UAE | Heritage and Culture

Book on archaeological findings in Sharjah

Three leading archaeologists yesterday launched their book and presented research on excavation dating back 7,000 years while exploring human remains and monuments found in Sharjah.

  • By Mariam M. Al Serkal, Staff Reporter
  • Published: 00:00 January 8, 2007
  • Gulf News

Sharjah: Three leading archaeologists yesterday launched their book and presented research on excavation dating back 7,000 years while exploring human remains and monuments found in Sharjah.

The 380-page book titled, Funeral Monuments and Human Remains from Jebel Al Buhais, is the first volume in a three-part series. "We have collaborated for 10 years to bring out these results and it is a great incentive for us to continue our studies in the area," said Hans-Peter Uerpmann, of the University of Tuebingen, Germany.

The human remains found in the Jebel Al Buhais graveyard, which were buried in the fifth millennium BC, provide a great deal of information that helped the archaeologists to understand early human mastery over a difficult environment.

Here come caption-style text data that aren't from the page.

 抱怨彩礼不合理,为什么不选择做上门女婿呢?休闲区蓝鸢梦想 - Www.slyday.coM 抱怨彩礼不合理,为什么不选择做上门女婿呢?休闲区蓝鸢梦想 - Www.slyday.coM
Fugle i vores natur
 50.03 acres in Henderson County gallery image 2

"This book is very important because it gives great insight of how people and the environment developed," he said. It will be available on the market next month.

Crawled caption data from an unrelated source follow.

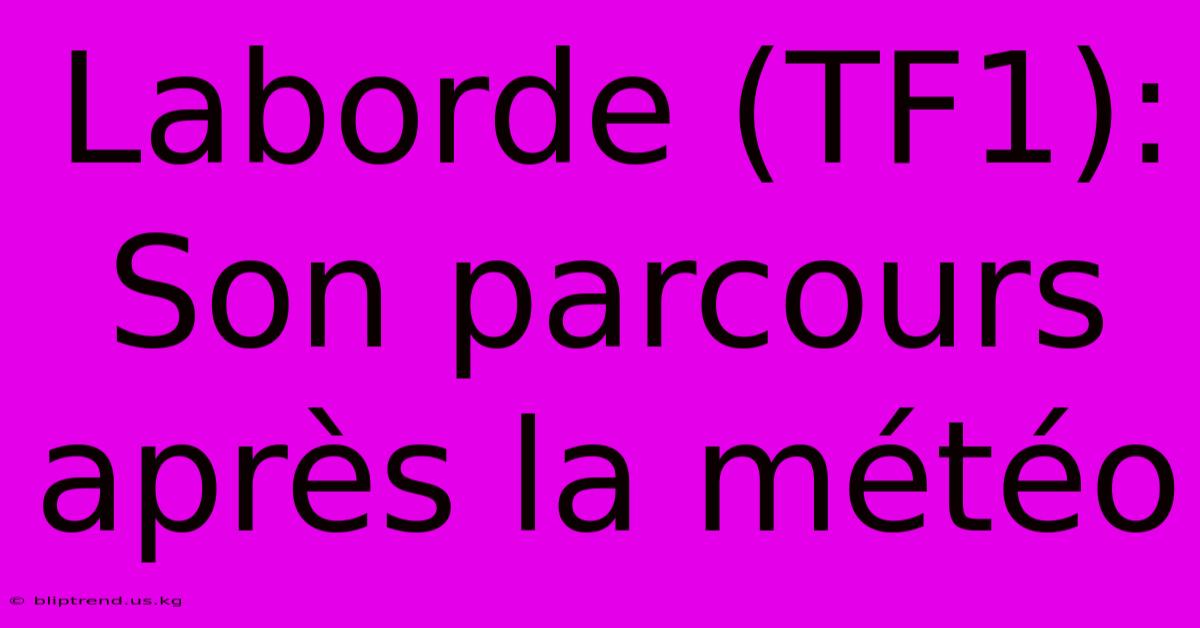 Laborde (TF1): Son Parcours Après La Météo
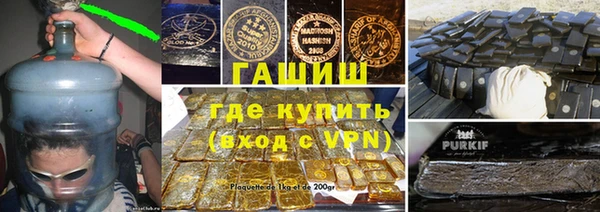 хмурый Арсеньев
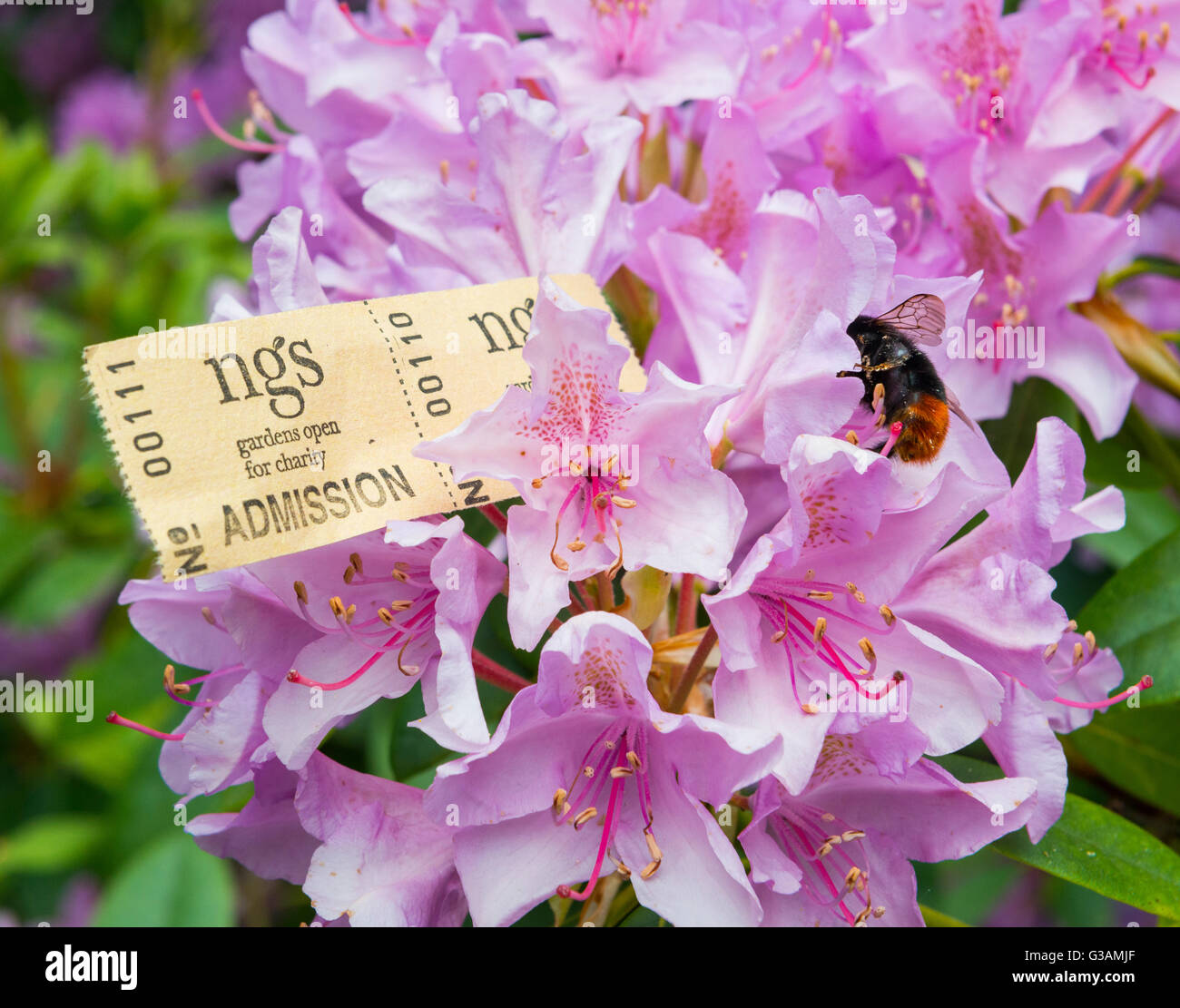 Giardini Nazionali schema di biglietti e un Bumble Bee su fiori di rododendro. Foto Stock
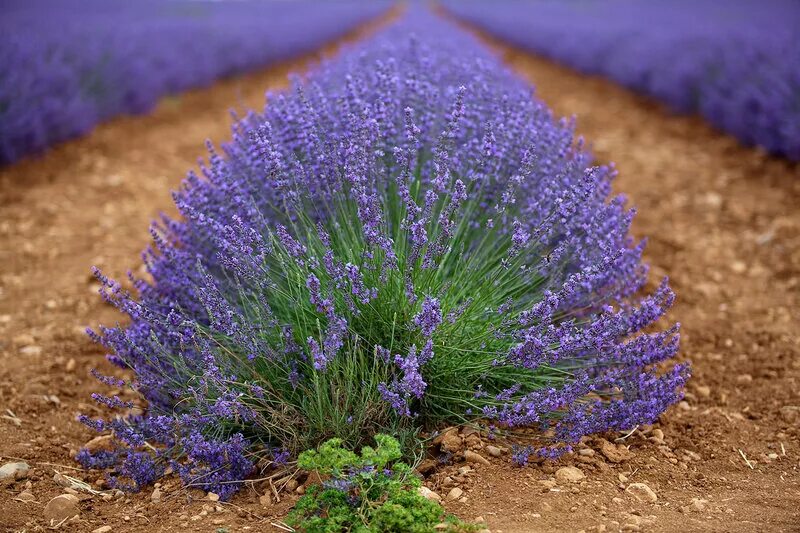 Лаванда узколистная. Лаванда узколистная эсмеральда. Голландская лаванда. Какие сорта лаванды. Лаванда узколистная прованс.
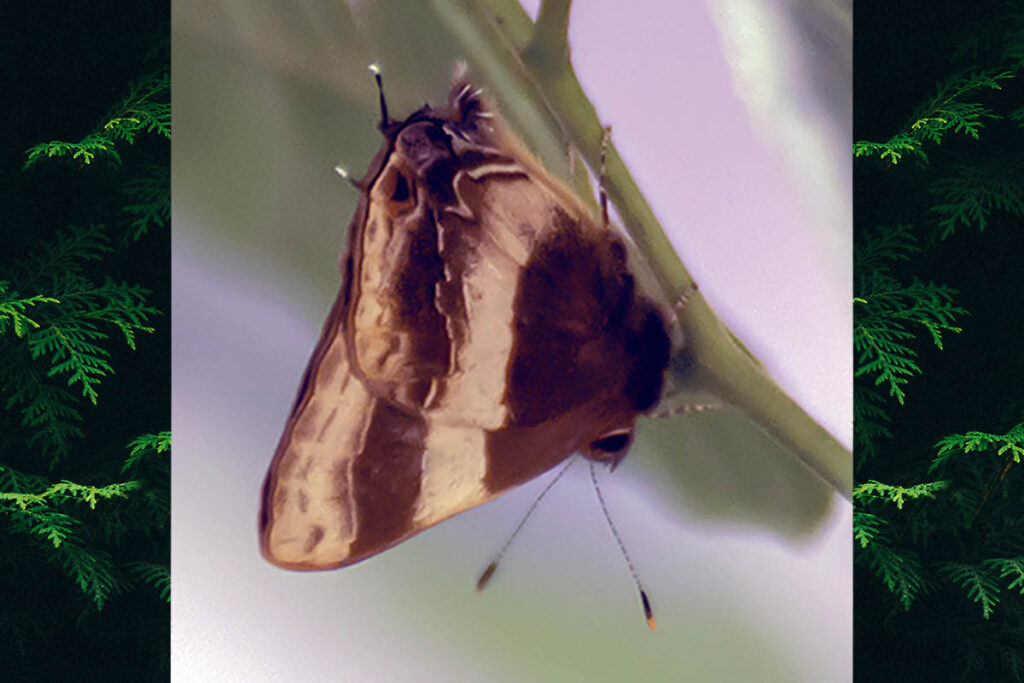 Arzecla taminella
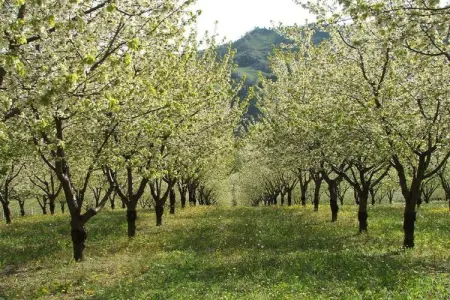 Borgata Porpora Due, Spacieux appartement dans une ferme dans la campagne avec vues spectaculaires - Photo 23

Uerpmann collaborated with his wife Margarethe, an Arabian Neolithic specialist, and Sabah Jasim, Director of Archaeological Excavations at the Directorate of Antiquities of Sharjah, whose contribution documents the funeral sites in Al Buhais through different periods. The excavations were originally initiated in 1995 when a local team of experts stumbled upon a graveyard that contained human remains.

The graveyard also provided a significant amount of evidence linking the area to the known developments of human populations in the wider Gulf region during the Bronze and Iron Ages.